One of the verses I mentally refer to the most is Ecclesiastes 6:11, “The more the words, the less the meaning, and how does that profit anyone?” It’s not saying to stay quiet, but to be thoughtful with the quality of what we share first, and then the quantity of how much we share it. God’s gifted lots of people in my life with incredible wisdom. For a few of them, as much as they talk, sometimes it’s like digging through a giant box of cereal to find the “prize” hidden inside of it. Others? It’s like whenever they open their mouth to speak, the air goes out of the room. They don’t say much, but what they do say, carries with it a lot of thought and…meaning. Hence the point of that verse. People are more open and expectant of what that person wants to say because when they do choose to speak, it tends to be something golden.

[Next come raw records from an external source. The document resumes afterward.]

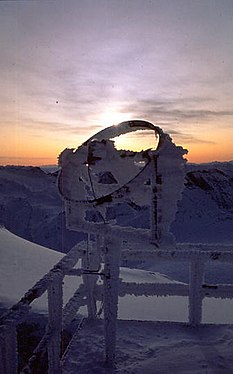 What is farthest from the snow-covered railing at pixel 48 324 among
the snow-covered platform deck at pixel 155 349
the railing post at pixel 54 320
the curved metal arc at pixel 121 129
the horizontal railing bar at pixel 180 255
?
the curved metal arc at pixel 121 129

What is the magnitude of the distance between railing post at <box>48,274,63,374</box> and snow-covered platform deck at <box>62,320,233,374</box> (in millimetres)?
452

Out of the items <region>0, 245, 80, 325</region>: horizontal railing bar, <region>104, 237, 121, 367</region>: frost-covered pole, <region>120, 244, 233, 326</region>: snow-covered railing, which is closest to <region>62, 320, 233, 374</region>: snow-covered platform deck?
<region>120, 244, 233, 326</region>: snow-covered railing

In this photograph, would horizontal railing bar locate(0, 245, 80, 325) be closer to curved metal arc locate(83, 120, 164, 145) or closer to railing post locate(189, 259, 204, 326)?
curved metal arc locate(83, 120, 164, 145)

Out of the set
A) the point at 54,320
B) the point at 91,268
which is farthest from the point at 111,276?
the point at 91,268

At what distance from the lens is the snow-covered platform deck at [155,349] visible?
499cm

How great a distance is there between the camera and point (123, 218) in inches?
1155

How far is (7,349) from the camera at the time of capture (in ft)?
10.2

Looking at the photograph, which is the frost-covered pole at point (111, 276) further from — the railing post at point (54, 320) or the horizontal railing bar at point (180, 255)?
the horizontal railing bar at point (180, 255)

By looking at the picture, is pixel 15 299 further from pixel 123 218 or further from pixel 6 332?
pixel 123 218

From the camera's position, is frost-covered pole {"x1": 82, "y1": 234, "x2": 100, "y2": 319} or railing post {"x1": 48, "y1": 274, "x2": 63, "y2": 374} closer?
railing post {"x1": 48, "y1": 274, "x2": 63, "y2": 374}

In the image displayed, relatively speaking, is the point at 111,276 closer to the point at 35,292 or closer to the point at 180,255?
the point at 35,292

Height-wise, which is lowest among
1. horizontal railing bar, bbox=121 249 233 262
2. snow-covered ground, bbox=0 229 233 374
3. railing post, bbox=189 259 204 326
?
snow-covered ground, bbox=0 229 233 374

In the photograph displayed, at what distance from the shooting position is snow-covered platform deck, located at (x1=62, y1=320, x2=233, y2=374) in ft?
16.4

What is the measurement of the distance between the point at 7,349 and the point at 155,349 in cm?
319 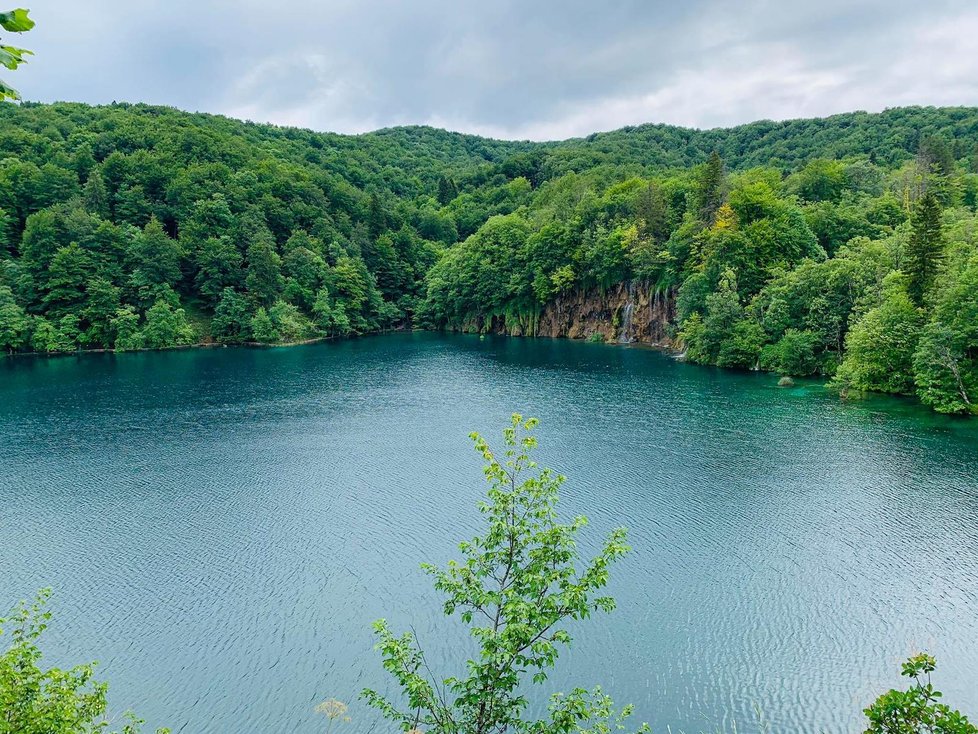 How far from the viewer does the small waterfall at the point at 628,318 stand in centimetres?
8756

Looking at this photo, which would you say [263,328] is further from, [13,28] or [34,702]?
[13,28]

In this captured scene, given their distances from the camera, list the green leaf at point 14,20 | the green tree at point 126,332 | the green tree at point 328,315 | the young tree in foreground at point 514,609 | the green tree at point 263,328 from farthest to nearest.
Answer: the green tree at point 328,315, the green tree at point 263,328, the green tree at point 126,332, the young tree in foreground at point 514,609, the green leaf at point 14,20

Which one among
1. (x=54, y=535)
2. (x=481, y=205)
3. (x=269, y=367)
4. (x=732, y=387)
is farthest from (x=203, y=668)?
(x=481, y=205)

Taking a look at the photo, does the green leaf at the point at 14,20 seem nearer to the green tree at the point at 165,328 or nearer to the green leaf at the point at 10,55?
the green leaf at the point at 10,55

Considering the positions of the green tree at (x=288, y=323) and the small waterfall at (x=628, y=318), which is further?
the green tree at (x=288, y=323)

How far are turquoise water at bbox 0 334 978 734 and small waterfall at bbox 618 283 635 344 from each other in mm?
36081

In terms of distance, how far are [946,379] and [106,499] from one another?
52.7 meters

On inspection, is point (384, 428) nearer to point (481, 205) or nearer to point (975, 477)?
point (975, 477)

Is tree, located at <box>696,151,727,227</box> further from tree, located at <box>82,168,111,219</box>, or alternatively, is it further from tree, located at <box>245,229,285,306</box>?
tree, located at <box>82,168,111,219</box>

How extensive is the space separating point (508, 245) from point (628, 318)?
25.8 m

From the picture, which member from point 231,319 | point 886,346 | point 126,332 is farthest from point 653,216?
point 126,332

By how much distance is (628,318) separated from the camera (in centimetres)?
8819

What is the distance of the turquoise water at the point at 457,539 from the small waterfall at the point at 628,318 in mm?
36081

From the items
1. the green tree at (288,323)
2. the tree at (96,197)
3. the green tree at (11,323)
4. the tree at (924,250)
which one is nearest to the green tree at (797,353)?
the tree at (924,250) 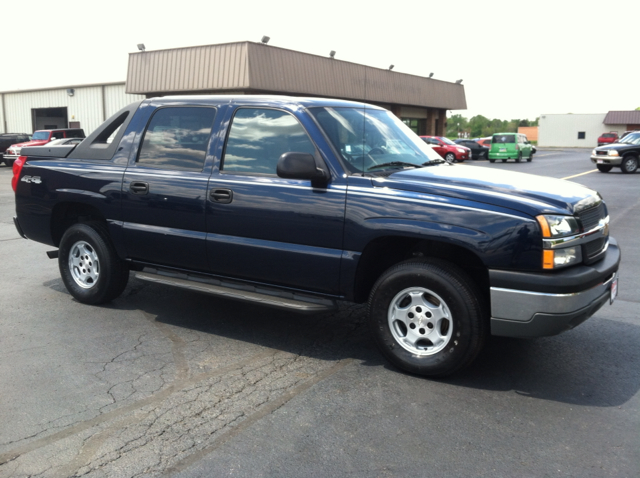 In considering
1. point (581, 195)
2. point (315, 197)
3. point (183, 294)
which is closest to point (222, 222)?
point (315, 197)

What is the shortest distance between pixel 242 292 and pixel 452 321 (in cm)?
165

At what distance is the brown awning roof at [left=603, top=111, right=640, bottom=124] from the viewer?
81.0 m

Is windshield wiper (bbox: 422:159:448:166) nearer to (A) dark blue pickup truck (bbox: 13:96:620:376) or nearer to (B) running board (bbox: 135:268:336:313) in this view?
(A) dark blue pickup truck (bbox: 13:96:620:376)

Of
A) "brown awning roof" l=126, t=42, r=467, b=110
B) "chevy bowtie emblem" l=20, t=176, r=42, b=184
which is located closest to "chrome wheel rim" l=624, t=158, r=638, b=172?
"brown awning roof" l=126, t=42, r=467, b=110

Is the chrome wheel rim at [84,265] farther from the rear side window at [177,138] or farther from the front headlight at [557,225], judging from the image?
the front headlight at [557,225]

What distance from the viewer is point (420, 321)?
430 centimetres

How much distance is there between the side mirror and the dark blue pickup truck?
11mm

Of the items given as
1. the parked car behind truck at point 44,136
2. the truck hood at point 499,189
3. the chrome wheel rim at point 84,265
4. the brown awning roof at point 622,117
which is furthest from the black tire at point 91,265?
the brown awning roof at point 622,117

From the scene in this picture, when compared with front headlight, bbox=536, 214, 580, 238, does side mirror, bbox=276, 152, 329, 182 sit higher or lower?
higher

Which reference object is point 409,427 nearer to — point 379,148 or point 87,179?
point 379,148

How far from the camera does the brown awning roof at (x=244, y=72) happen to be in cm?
2842

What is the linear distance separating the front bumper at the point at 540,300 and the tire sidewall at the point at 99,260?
3.51m

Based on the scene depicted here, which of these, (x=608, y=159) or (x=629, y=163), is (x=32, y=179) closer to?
(x=608, y=159)

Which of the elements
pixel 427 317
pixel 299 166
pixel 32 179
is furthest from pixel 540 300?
pixel 32 179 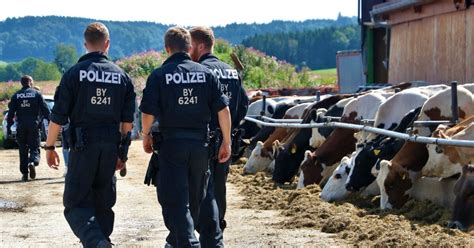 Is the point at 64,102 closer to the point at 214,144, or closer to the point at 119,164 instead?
the point at 119,164

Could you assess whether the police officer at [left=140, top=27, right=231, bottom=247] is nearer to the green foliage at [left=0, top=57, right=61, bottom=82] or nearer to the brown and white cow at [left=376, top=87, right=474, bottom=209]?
the brown and white cow at [left=376, top=87, right=474, bottom=209]

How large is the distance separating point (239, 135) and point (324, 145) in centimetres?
600

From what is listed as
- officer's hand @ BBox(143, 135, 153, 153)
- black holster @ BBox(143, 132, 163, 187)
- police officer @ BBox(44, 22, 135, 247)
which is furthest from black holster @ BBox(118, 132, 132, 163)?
black holster @ BBox(143, 132, 163, 187)

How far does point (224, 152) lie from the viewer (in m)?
8.52

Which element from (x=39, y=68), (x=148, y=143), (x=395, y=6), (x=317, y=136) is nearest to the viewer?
(x=148, y=143)

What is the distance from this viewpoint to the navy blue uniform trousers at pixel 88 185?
27.2 ft

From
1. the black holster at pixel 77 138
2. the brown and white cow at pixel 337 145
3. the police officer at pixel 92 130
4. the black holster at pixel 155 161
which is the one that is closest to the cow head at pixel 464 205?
the black holster at pixel 155 161

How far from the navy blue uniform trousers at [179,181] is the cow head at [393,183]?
13.4 ft

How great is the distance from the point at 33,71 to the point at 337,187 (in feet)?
294

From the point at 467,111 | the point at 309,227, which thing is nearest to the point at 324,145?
the point at 467,111

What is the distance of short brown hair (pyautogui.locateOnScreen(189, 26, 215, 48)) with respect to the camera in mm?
9258

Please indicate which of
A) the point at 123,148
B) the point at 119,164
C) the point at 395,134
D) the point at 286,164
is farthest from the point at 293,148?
the point at 123,148

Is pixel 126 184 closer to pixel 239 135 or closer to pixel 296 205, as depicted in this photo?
pixel 296 205

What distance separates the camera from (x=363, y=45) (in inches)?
1140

There’s something beautiful about that ability to remain silent. To not need to perform, because I’m busier and more interested in quietly listening to what God wants to instill in me. Rather than me copiously considering what I (think I) need to instill in others.

To some degree, this is one reason I’m actually grateful for social media–what it’s taught me about myself. My motivations based on what I want, versus my decisions based on what I (and others) truly need. What I need more of is silence. And that is something I’ve needed for force myself to be that way…because I’ve learned to anticipate better fruit from that rather than the fruit of a handful of peers’ somewhat-passive validation found in a “Like.”

Father, give us more of this sweet experience that is born out of the exercise of silence. Help us to be still and to wait patiently for you at the table. To be united with you there. Teach us to see the hollowness of our fleshly-need to jump up and make noise on the table for the temporary fix of another’s approval.